NEWTOWN, Conn. — As the nation paused to mark a week since the shootings at Sandy Hook Elementary School, new details emerged Friday about the gunman, Adam Lanza, who acquaintances said was able to take apart and reassemble a computer in a matter of minutes but rarely spoke to anyone.
In high school, Lanza used to slither through the hallways, awkwardly pressing himself against the wall while wearing the same green shirt and khaki pants every day. He hardly ever talked to classmates and once gave a presentation entirely by computer, never uttering a single word.
"As long as I knew him, he never really spoke," said Daniel Frost, who took a computer class with Lanza and remembered his skill with electronics.
Lanza seemed to spend most of his time in his own large space in the basement of the home he shared with his mother — the same basement where she kept a collection of guns, said Russell Ford, a friend of Nancy Lanza's who had done chimney and pipe work on the house.
A week ago, Lanza fatally shot his mother before blasting his way into the school, killing 20 children and six teachers with a military style rifle. As police approached, he used a handgun to commit suicide.
Nancy Lanza was often seen around town and regularly chatted up friends and acquaintances at a local restaurant, but her 20-year-old son was a mysterious figure who was seldom spotted in this community of rolling hills and clapboard colonial homes, according to Ford and other townspeople.
The basement of the Lanza home was fully carpeted and had artwork, including a picture of a horse, on the walls. There was a computer, a flat-screen television, couches and an elaborate setup for video games. Nancy Lanza kept her guns in what appeared to be a secure case in another part of the basement, Ford said.
"She was from gun culture. Live free or die. That was truly her upbringing," said Ford, who often met the New Hampshire native and other friends at a regular Tuesday gathering at My Place, a local restaurant.
Ford did not know if Lanza brought her son shooting.
Over the past year and a half, Ford said, Nancy Lanza had told him that she planned to move out West and enroll Adam in a "school or a center." The plan started unfolding after Adam turned 18.
"He wouldn't be dwelling with her," said Ford, who remembered that Adam Lanza never spoke to him or even made eye contact.
"She knew she needed to be near him," he added. "She was trying to do what was positive for him."
Ford said Nancy Lanza didn't elaborate on what type of services she wanted her son to receive. He hadn't seen her in about a month and a half, and said she made fewer appearances at the restaurant in recent months.
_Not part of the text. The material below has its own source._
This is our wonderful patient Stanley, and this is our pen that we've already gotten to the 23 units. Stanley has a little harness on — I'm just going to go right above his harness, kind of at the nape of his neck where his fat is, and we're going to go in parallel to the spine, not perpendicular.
Mark Tambascio, owner of My Place, said Nancy Lanza described the same plan to him, saying she might move to Washington State.
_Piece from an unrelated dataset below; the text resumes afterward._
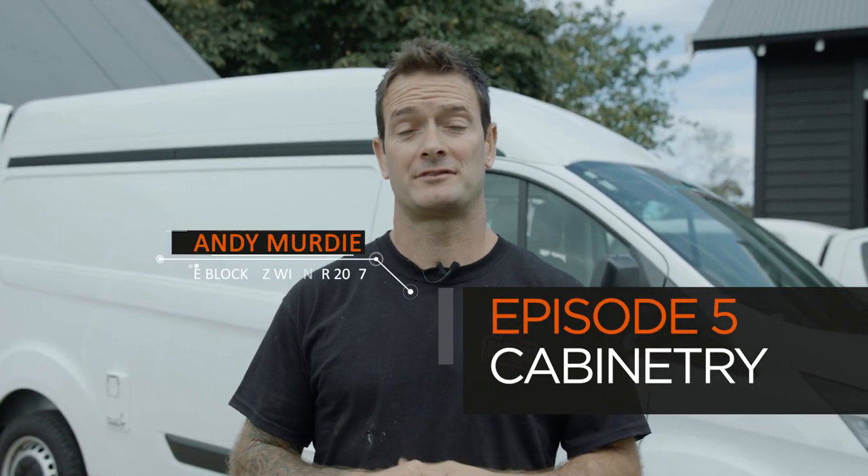It's a new day and I'm absolutely chuffed how that floor went down yesterday — it looks absolutely mint. All it needs now is a little bit of filling and some sanding before we start polyurethane, before the cabinets go in.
Back in high school, Frost recalled, Lanza once made a class presentation about how to change the folders in Microsoft Windows different colors. He did it without saying a word, just demonstrating the steps on a screen.
Someone in the class brought in a video game called "Counter-Strike," a first-person shooting video game in which players compete against each other as either terrorists or counter-terrorists, Frost said.
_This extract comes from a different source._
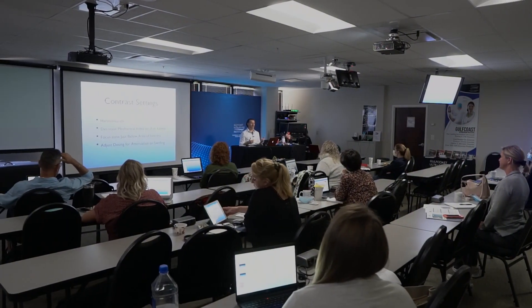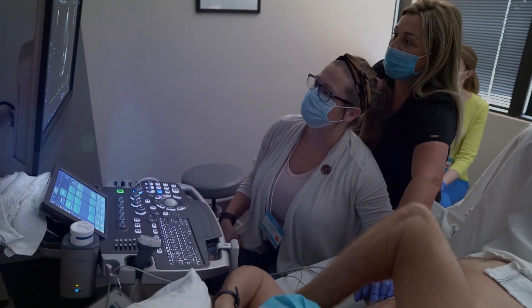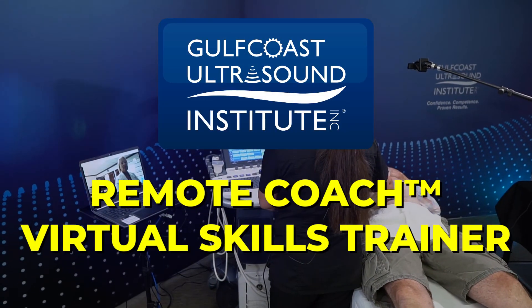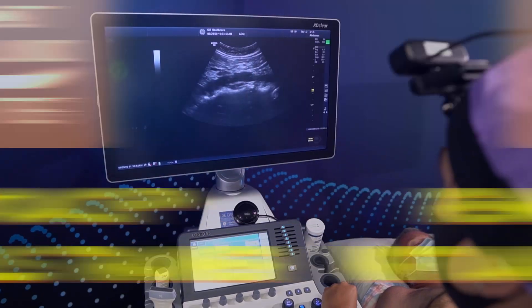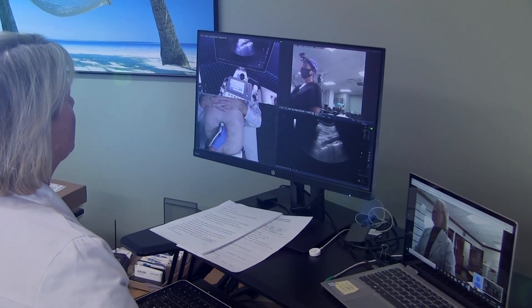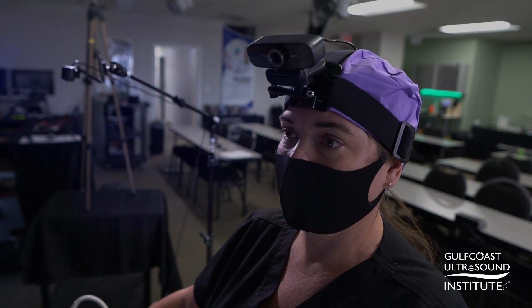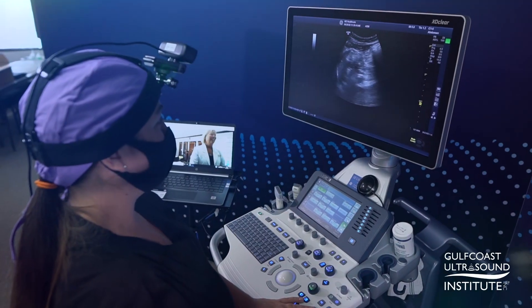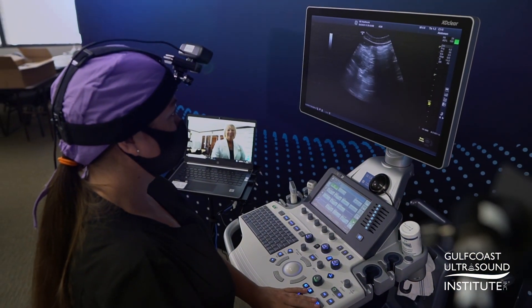Need to learn ultrasound but can't travel to a live course for hands-on education? We've got your solution. The Remote Coach Virtual Skills Trainer from Gulf Coast Ultrasound uses the latest technology and innovative teaching methods to provide individuals and groups with comprehensive, interactive skills training in your chosen environment.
Lanza "seemed pretty interested in the game," Frost recalled, and would play it with other students. He remembers the weapons Lanza chose: an M4 military-style assault rifle and a Glock handgun.
During the rampage at the school, Lanza used a military-style assault rifle and carried handguns, authorities said.
A week after the massacre, authorities still have no clear reason why Lanza would lash out at defenseless first-graders and their caretakers.